Le voyage de Victoria Nuland

Enfin, il faut aussi dans toute cette mobilisation à la spontanéité très relative noter le rôle actif du JVP, cette organisation qui se proclame d’extrême gauche et qui en réalité est pilotée et financée depuis l'ambassade des États-Unis et les bureaux de l’US Aid où elle a porte ouverte, le gite et le couvert. Enfin, la multiplication sur place des ONG soutenues et financées par les gouvernements occidentaux, par le NED nord-américain et la Fondation Soros très présente au Sri Lanka sont d’autres aspects à prendre en compte pour comprendre ce qui a permis la réalisation concrète et rapide de ces mobilisations populaires d’un type nouveau. Toutes ces forces, chacune jouant sa partition, ont recours à des méthodes éprouvées à Hong Kong avec la « révolution des parapluies » ou encore pendant le « printemps arabe » de décembre 2010. Ainsi, à Colombo, le noir est devenu la couleur de rigueur pour les vêtements des manifestants et le poing qui figure sur les affiches est la copie conforme de celui du mouvement OTPOR artisan connu grâce aux subsides du NED et de Freedom House de la chute de Milosevic et qui a ensuite essaimé en Géorgie, aux Maldives, en Algérie, en Ukraine, au Venezuela, en Biélorussie, etc… On trouve donc là, tous les ingrédients qui ont permis non pas une révolution mais une contre-révolution, un coup d'état en forme de révolution de couleur sur le modèle Maïdan.

 

Il est d'ailleurs significatif de souligner que la sous-secrétaire d'état US et interventionniste forcenée Victoria Nuland était en mission au Sri Lanka avant le début des évènements. Celle qui joua un rôle déterminent dans le coup d’état ukrainien, dans l’usage cynique de groupes néo-nazis comme dans le choix des membres du nouveau gouvernement à Kiev en 2014 n’est pas étrangère aux évènements qui ont eu lieu à Colombo. De combien sera le retour sur investissement au Sri Lanka pour les USA, tel était le but de la visite de la « dame aux petits pains de la place Maïdan ».

 

Quant aux manifestations et rassemblements à Colombo, leur composition a été très hétéroclite et autrement plus complexe que la photographie très simpliste que l'on en donne en Occident. On y trouve pèle mêle l'élite locale, leurs enfants des écoles privées, parfois accompagnés de leurs gens de maison, ceux que l’on appelle communément les Colombo seven (c.a.d le triangle « Passy/ Neuilly/Auteuil » sri lankais) totalement acquise à travers leur statut social aux pays occidentaux, puis les classes moyennes, les professions libérales, en particulier l'ordre des avocats lié organiquement à l'ambassade US, les étudiants, une partie du lumpen, et les gangs criminels impliqués dans le commerce de la drogue, des armes et du blanchiment d’argent domaine ou Sri Lanka se distingue.

 

La contestation a pris place au « Galle Face Green », un des espaces face au palais présidentiel.
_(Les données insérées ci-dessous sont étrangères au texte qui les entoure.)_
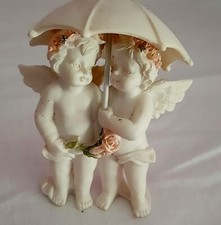 Statuetta Raffigurante  2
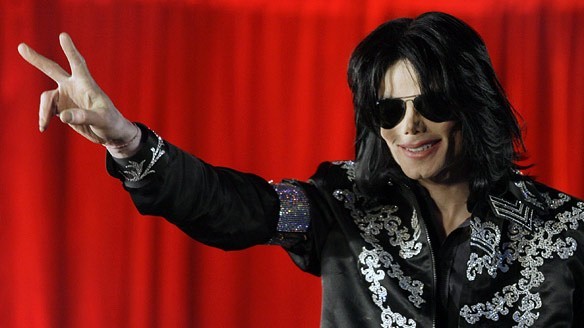 Michael Jackson znany był ze swych występów wymagających niezwykłej kondycji fizycznej. Okazało się jednak, że miał skrajną anoreksję i w koszmarnym stanie fizycznym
C’est de là que se sont  déchainés les provocateurs, souvent violemment, y compris en vandalisant et en pillant une partie du patrimoine culturel. L’armée est restée dans les casernes et la police a laissé faire ! Par contre, il y a eu très peu de manifestations dans le reste du pays où l’on est loin des débordements de la capitale, ce qui ne veut pas dire qu'il n'y a pas dans les provinces un mécontentement et une colère réelle, en particulier chez les paysans. Ces derniers ont subit le désastre du choix gouvernemental des engrais organiques au détriment des engrais traditionnels, ce qui a entraîné une chute spectaculaire de la production agricole car aucune préparation n'avait été faite en amont pour se préparer à cet important changement pour les cultures traditionnelles sri lankaises. Cette décision a provoqué la ruine de petits exploitants permettant ainsi toutes les  manipulations possibles pour acquérir les titres de propriétés par différents groupes liés à l’agrobusiness. En 2022, Sri Lanka, hier exportateur de riz, devra importer 30 % de sa consommation.

 

Dans la presse mainstream occidentale et afin de noircir un peu plus le tableau, on retrouve de nouveau les références éplorées à la cause tamoule, aux trente années de guerre, au séparatisme et aux Tigres du LTTE dont le supporter fût Bernard Henry Lévy. Il est utile de rappeler que cette  organisation fascisante et anti-communiste dont l'objectif était la partition du pays pratiquait un terrorisme aveugle, entre autre autre dans les transports publics, utilisant des enfants soldats et des handicapés comme kamikazes, massacrant l'opposition marxiste tamoule et organisant ses relais mafieux à travers les capitales européennes avec le soutien et le laisser-faire des gouvernements occidentaux, et des partis de gauche comme de droite. Il faut toujours rappeler que ces derniers ont soutenu à bout de bras ce groupe extrémiste qui aura tué plus de Tamouls que nul autre. Ce conflit a bouleversé et traumatisé le pays et on a compté près de 100 000 victimes de cette guerre. A cette époque, l'objectif  géopolitique de l'impérialisme à travers l'action de Hilary Clinton, Bernaard Kouchner, David Miliband étaient de contribuer à la partition de Sri Lanka afin de s'accaparer, avec l'aide du LTTE, de Trincomalee et d’en faire une position avancée dans les conflits à venir.

 

Enfin s'agissant de la gauche: le Parti communiste, le LSSP (trotskyste, Sri Lanka est le seul pays où une force trotskiste était encore récemment au pouvoir), la Gauche nationaliste sont hors jeu. Ils ont quitté le gouvernement avec fracas six mois avant les évènements mais sont dans l'incapacité d'exprimer une analyse cohérente, un programme, une orientation, une direction politique. Seules quelques personnalités indépendantes mais isolées ont une vision lucide des choses. Quant aux autres partis institutionnels totalement divisés et éclatés en de multiples tendances, ils sont essentiellement occupés par la chasse en monnaie sonnante et trébuchante pour des postes ministériels et parlementaires qui seront disponibles, si toutefois il y aura des élections.

 

Quelles perspectives ?

Loin de se résoudre, la crise sri lankaise ne peut que s'aggraver dans une situation de confusion délibérée, de chaos organisé et d'anarchie. Elle permettra aux États-Unis de  faire avancer même provisoirement leurs intérêts  stratégiques dans la région face à la montée de l'influence de la Chine. Pour autant le retour des libéraux au pouvoir, l’impuissance des partis institutionnels et la perspective d’un prêt du FMI aux conditionnalités écrasantes pour le pays ne pourra résoudre l’importance de la crise et l’ampleur systémique, qui la caractérise, mais par dessus tout, elle n’apportera aucune réponse aux attentes sociales.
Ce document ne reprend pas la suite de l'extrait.